A little taste of it

# fetch the website
import requests
response = requests.get('https://www.linkedin.com/in/barackobama')

# parse like a boss
from xextract import Prefix, Group, String, Url
Prefix(css='#profile', children=[
    String(name='name', css='.full-name', quant=1),
    String(name='title', css='.title', quant=1),
    Group(name='jobs', css='#background-experience .section-item', quant='*', children=[
        String(name='title', css='h4', quant=1),
        String(name='company', css='h5', quant=1, attr='_all_text'),
        Url(name='company_url', css='h5 a', quant='?'),
        String(name='description', css='.description', quant='?')
    ])
]).parse(response.text, url=response.url)

Output:

{'name': u'Barack Obama',
 'title': u'President of the United States of America',
 'jobs': [
     {'company': u'United States of America',
      'company_url': None,
      'description': u'I am serving as the 44th President of the United States of America.',
      'title': u'President'},
     {'company': u'US Senate (IL-D)',
      'company_url': u'http://www.linkedin.com/company/4560?trk=ppro_cprof',
      'description': u'In the U.S. Senate, I sought to focus on tackling the challenges of a globalized, 21st century world with fresh thinking and a politics that no longer settles for the lowest common denominator.',
      'title': u'US Senator'},
     {'company': u'Illinois State Senate',
      'company_url': None,
      'description': u"Proudly representing the 13th District on Chicago's south side.",
      'title': u'State Senator'},
     {'company': u'University of Chicago Law School',
      'company_url': u'http://www.linkedin.com/company/3878?trk=ppro_cprof',
      'description': None,
      'title': u'Senior Lecturer in Law'}]}

Installation

To install xextract, simply:

$ pip install xextract

Requirements: six, lxml, cssselect

Supported Python versions are 2.6, 2.7, 3.x.

Basic usage

In the examples below we will demonstrate how to parse the data from a Linkedin profile, so include the following code to the top of the file:

from xextract import *
import requests
response = requests.get('https://www.linkedin.com/in/barackobama')
html, url = response.text, response.url

To extract the name from a Linkedin profile, call:

>>> String(name='name', css='.full-name', quant=1).parse(html)
{'name': u'Barack Obama'}

You can see that the parsed data are returned in a dictionary.
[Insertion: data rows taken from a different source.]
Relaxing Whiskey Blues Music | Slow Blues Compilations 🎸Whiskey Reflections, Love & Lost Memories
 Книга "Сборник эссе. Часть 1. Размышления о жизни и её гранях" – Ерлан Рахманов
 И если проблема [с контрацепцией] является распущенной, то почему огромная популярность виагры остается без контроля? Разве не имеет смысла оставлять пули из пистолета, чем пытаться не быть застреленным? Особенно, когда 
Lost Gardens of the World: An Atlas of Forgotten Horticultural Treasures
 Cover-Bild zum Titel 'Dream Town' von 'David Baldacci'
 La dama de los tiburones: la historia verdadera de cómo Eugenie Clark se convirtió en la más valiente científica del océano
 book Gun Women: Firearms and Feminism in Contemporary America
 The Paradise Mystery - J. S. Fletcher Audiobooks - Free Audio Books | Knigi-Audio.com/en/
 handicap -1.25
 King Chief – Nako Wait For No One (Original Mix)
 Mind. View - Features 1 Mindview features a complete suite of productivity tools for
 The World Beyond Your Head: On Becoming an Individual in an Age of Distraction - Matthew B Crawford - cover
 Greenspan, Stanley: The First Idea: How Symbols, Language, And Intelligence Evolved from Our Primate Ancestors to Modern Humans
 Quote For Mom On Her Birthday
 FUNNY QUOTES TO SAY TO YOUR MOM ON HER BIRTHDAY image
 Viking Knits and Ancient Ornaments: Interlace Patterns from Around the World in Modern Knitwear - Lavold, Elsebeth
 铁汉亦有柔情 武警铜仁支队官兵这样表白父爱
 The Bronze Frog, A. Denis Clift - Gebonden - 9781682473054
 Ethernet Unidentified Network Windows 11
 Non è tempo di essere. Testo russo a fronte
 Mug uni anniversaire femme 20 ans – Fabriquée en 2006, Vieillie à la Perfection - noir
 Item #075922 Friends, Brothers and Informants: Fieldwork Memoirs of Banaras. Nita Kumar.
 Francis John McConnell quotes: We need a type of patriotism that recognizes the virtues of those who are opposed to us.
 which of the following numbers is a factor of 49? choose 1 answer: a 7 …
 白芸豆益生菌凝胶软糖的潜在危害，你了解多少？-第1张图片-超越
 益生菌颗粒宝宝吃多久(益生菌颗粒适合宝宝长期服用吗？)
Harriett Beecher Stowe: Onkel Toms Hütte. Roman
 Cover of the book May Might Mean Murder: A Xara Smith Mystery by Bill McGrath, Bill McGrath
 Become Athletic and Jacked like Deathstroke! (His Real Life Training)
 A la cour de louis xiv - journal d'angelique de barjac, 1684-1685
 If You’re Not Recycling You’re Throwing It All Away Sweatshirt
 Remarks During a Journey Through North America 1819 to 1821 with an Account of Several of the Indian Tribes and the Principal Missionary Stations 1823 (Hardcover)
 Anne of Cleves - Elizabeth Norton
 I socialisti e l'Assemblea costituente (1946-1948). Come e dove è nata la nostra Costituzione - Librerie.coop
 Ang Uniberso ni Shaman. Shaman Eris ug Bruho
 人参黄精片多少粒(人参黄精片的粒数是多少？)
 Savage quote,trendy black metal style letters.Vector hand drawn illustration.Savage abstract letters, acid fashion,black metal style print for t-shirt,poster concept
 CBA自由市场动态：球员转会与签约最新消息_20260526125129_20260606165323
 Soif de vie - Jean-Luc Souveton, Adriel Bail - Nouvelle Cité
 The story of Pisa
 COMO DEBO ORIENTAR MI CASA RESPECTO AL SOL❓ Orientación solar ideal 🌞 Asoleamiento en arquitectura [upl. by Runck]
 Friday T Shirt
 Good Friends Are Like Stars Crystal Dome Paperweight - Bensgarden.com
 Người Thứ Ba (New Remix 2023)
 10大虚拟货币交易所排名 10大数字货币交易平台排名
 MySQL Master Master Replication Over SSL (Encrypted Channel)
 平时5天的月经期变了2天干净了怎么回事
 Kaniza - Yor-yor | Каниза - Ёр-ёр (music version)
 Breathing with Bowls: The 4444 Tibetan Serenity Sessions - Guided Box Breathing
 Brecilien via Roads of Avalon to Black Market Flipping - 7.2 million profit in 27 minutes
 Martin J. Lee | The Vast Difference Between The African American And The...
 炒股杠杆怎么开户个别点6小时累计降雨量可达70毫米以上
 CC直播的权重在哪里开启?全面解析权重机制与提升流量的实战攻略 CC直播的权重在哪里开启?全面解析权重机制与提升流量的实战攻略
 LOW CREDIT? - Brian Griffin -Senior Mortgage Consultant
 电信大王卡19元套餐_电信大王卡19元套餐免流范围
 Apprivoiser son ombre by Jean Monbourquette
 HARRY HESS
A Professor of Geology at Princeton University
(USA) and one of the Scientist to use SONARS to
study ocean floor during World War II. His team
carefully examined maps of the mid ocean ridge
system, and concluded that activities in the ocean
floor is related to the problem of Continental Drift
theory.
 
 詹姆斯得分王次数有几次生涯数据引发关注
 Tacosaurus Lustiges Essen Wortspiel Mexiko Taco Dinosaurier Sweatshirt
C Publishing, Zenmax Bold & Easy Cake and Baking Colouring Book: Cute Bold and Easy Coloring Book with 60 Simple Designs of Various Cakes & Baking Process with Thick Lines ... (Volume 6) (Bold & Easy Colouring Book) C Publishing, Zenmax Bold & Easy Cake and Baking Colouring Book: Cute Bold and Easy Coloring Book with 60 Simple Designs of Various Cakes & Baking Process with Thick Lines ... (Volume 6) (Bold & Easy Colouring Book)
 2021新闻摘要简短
Parameters we passed to the parser have the following meaning:

  • name (required) - dictionary key under which to store the parsed data.

  • css (required) - css selector to the HTML element containing the data.

  • quant (optional) - number of HTML elements we expect to match with the css selector. In the above case we expect exactly one element. If the number of elements doesn’t match, ParsingError exception is raised:

    >>> String(name='name', css='.full-name', quant=2).parse(html)
    xextract.selectors.ParsingError: Number of "name" elements, 1, does not match the expected quantity "2".

If you don’t pass quant parameter, two things will happen. First, there will be no validation on the number of matched elements, i.e. you can match zero or more elements and no exception is raised. Second, the extracted data will be returned as a (possibly empty) list of values (for more details see quant reference):

>>> String(name='name', css='.full-name').parse(html)
{'name': [u'Barack Obama']}  # note that the extracted data are in the list

In the previous example we could have used xpath instead of css selector:

>>> String(name='name', xpath='//*[@class="full-name"]', quant=1).parse(html)
{'name': u'Barack Obama'}

By default, String extracts the text content of the element. To extract the data from an HTML attribute, use attr parameter:

>>> String(name='css-class', css='span', quant=1, attr='class').parse('<span class="hello"></span>')
{'css-class': u'hello'}

To extract the whole text “500+ connections” from the following HTML structure:

<div class="member-connections">
    <strong>500+</strong>
    connections
</div>

By default, String parser extracts only the text directly from the matched elements, but not their descendants:

>>> String(name='connections', css='.member-connections', quant=1).parse(html)
{'connections': u' connections'}

To extract and concatenate the text out of every descendant element, use attr parameter with the special value ‘_all_text’:

>>> String(name='connections', css='.member-connections', quant=1, attr='_all_text').parse(html)
{'connections': u'500+ connections'}

To extract the url of the profile picture, use Url parser instead of String:

>>> Url(name='profile-picture', css='.profile-picture img', quant=1, attr='src').parse(html, url=url)
{'profile-picture': u'https://media.licdn.com/mpr/mpr/shrink_200_200/p/2/000/1a3/129/3a73f4c.jpg'}

When you use Url parser and pass url parameter to parse() method, the parser will extract the absolute url address. By default, Url extracts the value out of href attribute of the matched element. If you want to extract the value out of a different attribute (e.g. src), pass it as attr parameter.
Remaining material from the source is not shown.